In an August 22 New York Post op-ed dedicated to stripping President Obama of credit for the recent events in Libya, historian and author Arthur Herman inserted the following line:
In short, our president largely sat on the sidelines as Britain and France used our jets to get what they wanted -- and now, European opinion, starting with the Financial Times, is urging Obama to put American boots on the ground as part of any NATO peace-keeping force.
How ironic: An American president who prides himself on his anti-colonialism -- even returning a bust of Winston Churchill to Britain because of how Churchill treated Kenya 60 years ago -- has facilitated the biggest neo-colonialist power grab in decades.
Of course, Obama did no such thing. Although stated as fact by Herman, the idea that Obama returned Churchill's bust as revenge for Britain's involvement in the Kenyan Mau Mau revolution of the 1950s is actually the product of a bizarre year-old conspiracy theory spun by former Fox News host Glenn Beck. As a February 14, 2009, article in the U.K. newspaper The Telegraph made clear, the bust was on loan to the White House and was scheduled to be returned:
A British Embassy spokesman said: “The bust of Sir Winston Churchill by Sir Jacob Epstein was uniquely lent to a foreign head of state, President George W Bush, from the Government Art Collection in the wake of 9/11 as a signal of the strong transatlantic relationship.

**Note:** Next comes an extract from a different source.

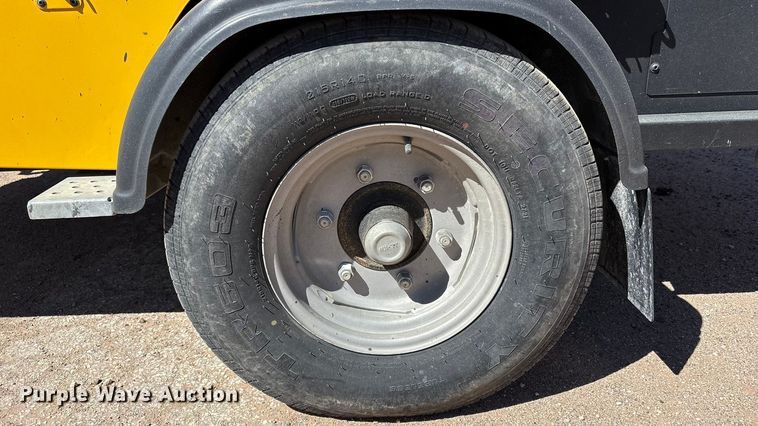 image for item EU4944 2022 Kaeser M118 air compressor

”It was lent for the first term of office of President Bush. When the President was elected for his second and final term, the loan was extended until January 2009.
“The new President has decided not to continue this loan and the bust has now been returned. It is on display at the Ambassador's Residence.”
At the time, the White House further confirmed that the bust had been returned because "[i]t was already scheduled to go back."